WHAT THIS TASK INVOLVES:
With the pictures left out, print exactly the lines below that run from the one containing "Geopende antraciet glazen" through the one containing "Freestanding tub, wood".

· · · ·

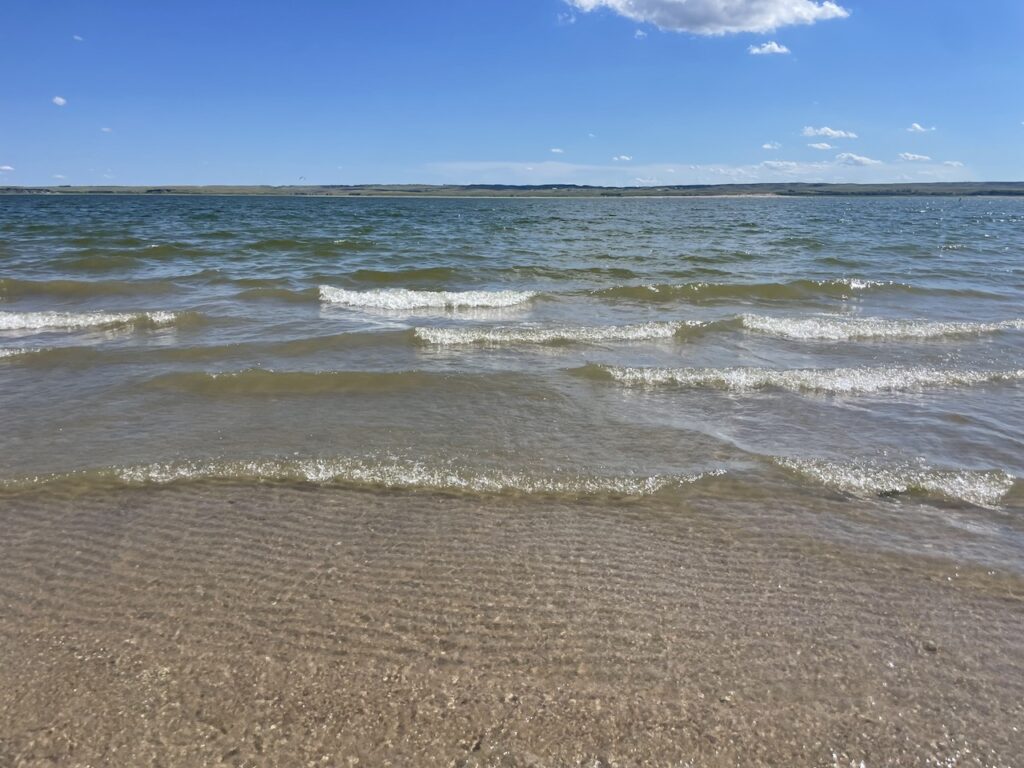 Small waves crashing on shore of sandy beach during sunny summer day. Lake McConaughy, Nebraska.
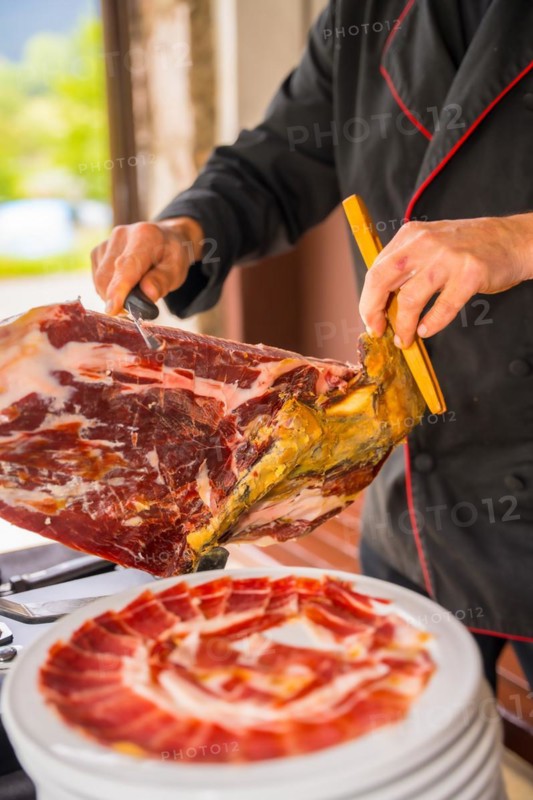 Detail of a man cutting Iberian ham at a wedding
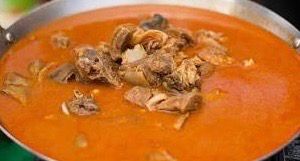 Steaming hot goat soup bowl
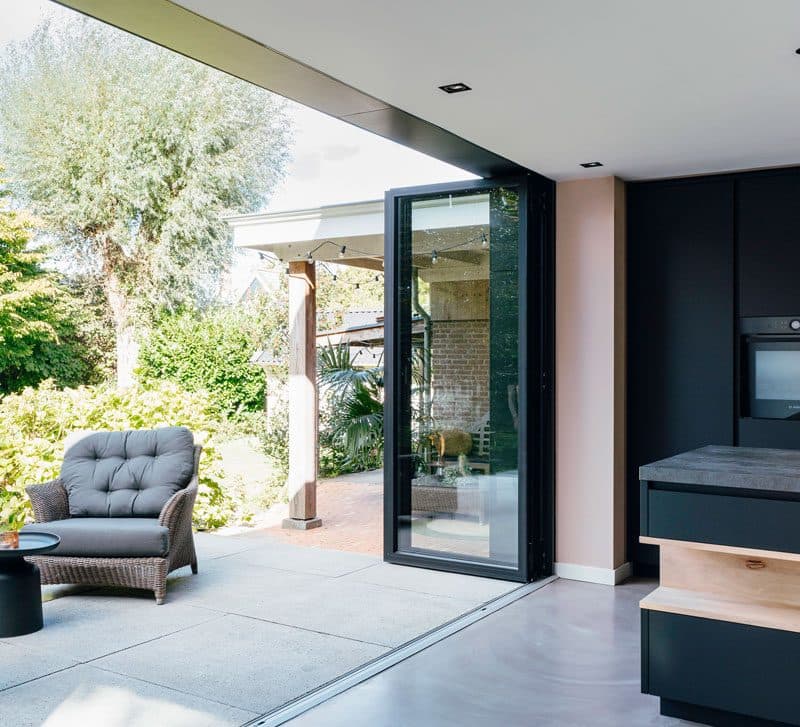Geopende antraciet glazen pui op de hoek van een keuken, met een loungestoel op het terras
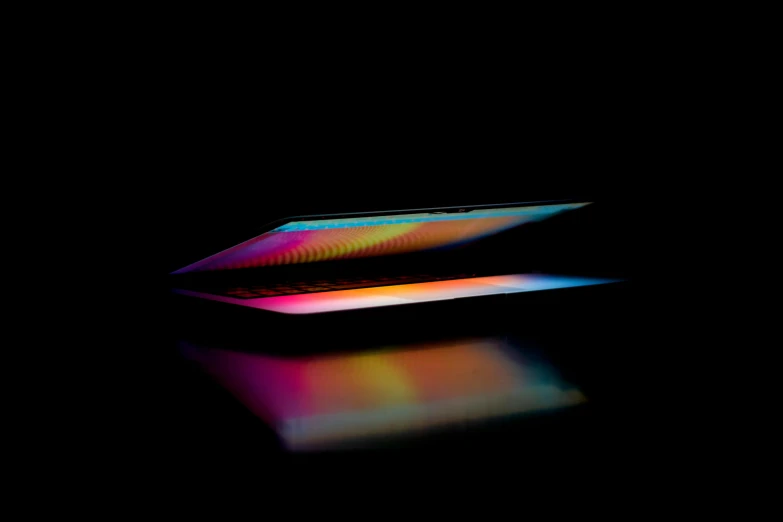 an apple laptop in dark room with rainbow reflected on surface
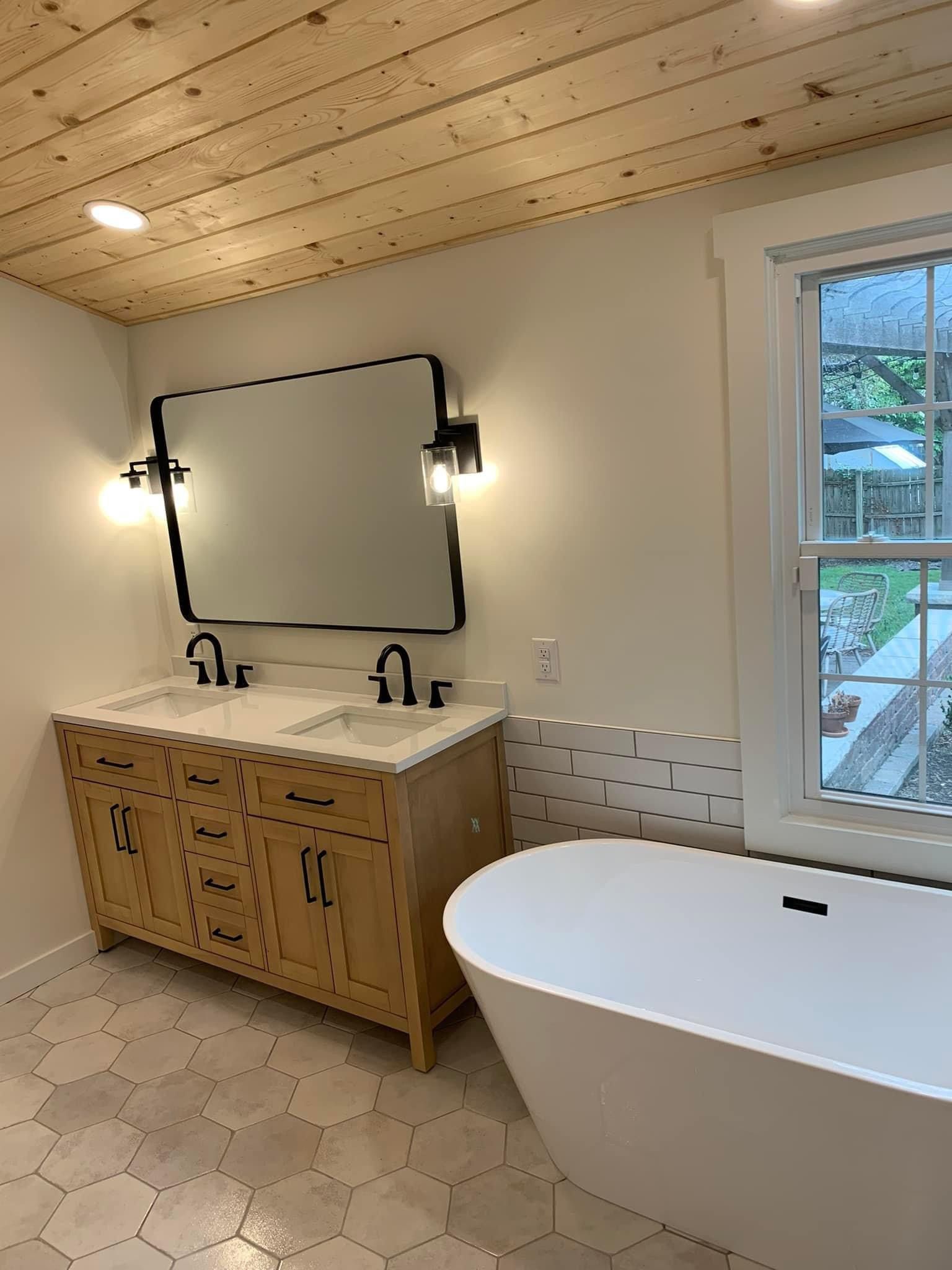 Freestanding tub, wood double vanity, and natural plank ceiling in a Prairie Village bathroom remodel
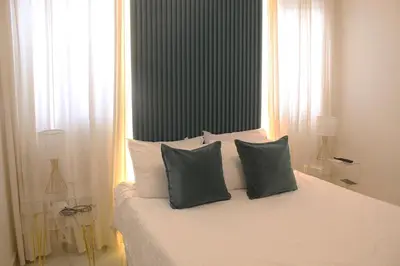 a bedroom with a bed with two pillows on it at Casaè Rojas Presents Golden Oasis in Punta Cana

· · · ·

TASK RESULT:
Geopende antraciet glazen pui op de hoek van een keuken, met een loungestoel op het terras
 an apple laptop in dark room with rainbow reflected on surface
 Freestanding tub, wood double vanity, and natural plank ceiling in a Prairie Village bathroom remodel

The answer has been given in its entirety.